During this year’s Advent of Code, I’ve been learning python, and that snippet above blew my tiny little python mind. Let’s take a look at everything that’s going on here!

chunk = lambda s, n: zip(*[iter(s)] * n)
chunk(range(0, 9), 3) # returns iterator((0, 1, 2), (3, 4, 5), (6, 7, 8))
  • iter(s) turns s into an iterator. As a caller calls next(iterator), the iterator is used up.

    my_iterator = iter([1, 2, 3, 4])
    for x in my_iterator:
        print(x) # prints 1, 2, 3, 4
    for y in my_iterator:
        print(y) # does nothing! there's nothing left in my_iterator
    next(my_iterator) # raises StopIteration exception
    
  • multiplying a list by n creates n new copies of the list. It doesn’t do a deep copy, so when you do [iter(range(0, 9))] every list gets the same iterator.

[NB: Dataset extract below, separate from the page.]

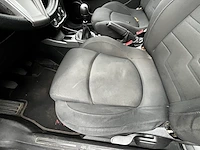 Alfa romeo mito 1.4i junior,2014 - afbeelding 9 van  47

    my_iterator = iter([1, 2, 3])
    my_iterator_list = [my_iterator] * 9
    
    next(my_iterator_list[0]) # 1
    next(my_iterator_list[1]) # 2
    next(my_iterator_list[8]) # 3
    next(my_iterator_list[5]) # raises StopIteration exception
    
  • fn(*[1, 2, 3]) lets you call a function with the entries in the list expanded as the parameters of the function.

    # behold! a useless example
    def takes_two_arguments (a, b):
        return a > b
    
    takes_two_arguments(1, 2) == takes_two_arguments(*[1, 2]) # True
    
  • zip grabs one value from each of its arguments.

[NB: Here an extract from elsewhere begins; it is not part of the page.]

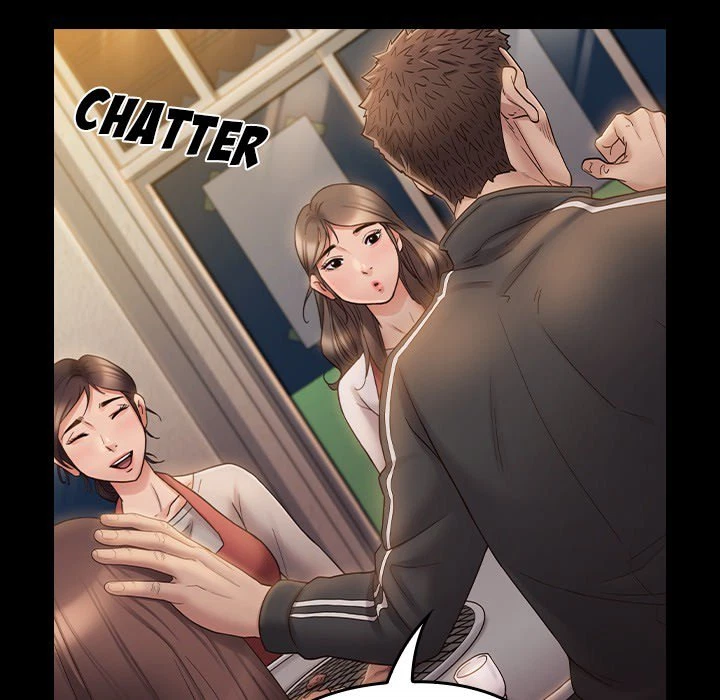 Chapter 36, page 55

    zip([1, 2, 3], [4, 5, 6], [7, 8, 9])
    # iterator<(1, 4, 7), (2, 5, 6), (3, 6, 9)>
    
  • when you ask zip to pull from the same iterator multiple times, you end up chunking your array! If you pass in the same iterator to zip three times, zip calls that iterator three times to construct the first value that it yields back. It call that same iterator three more times to construct the next argument that it yield back.

    # chunk = lambda s, n: zip(*[iter(s)] * n)
    l = range(0, 10)
    iterable_l = iter(l)
    chunked_l = zip(iterable_l, iterable_l, iterable_l)
    
  • The order of operations for fn(*[iter(s)] * n) is fn(*([iter(s)] * n)). The argument spread happens after the list multiplication

  • putting that all together, we end up with an “idiomatic” way to chunk a list:

    chunk = lambda s, n: zip(*[iter(s)]*n)
    chunk(range(0, 10), 3) # iter((0, 1, 2), (3, 4, 5), (6, 7, 8))
    

I think this is a coding idiom I’m going to stay away from for now. I’m not yet fluent enough with python to be confident reading or writing a line like zip(*[iter(range(0, 100))] * 10), but I’m glad I can at least puzzle through it!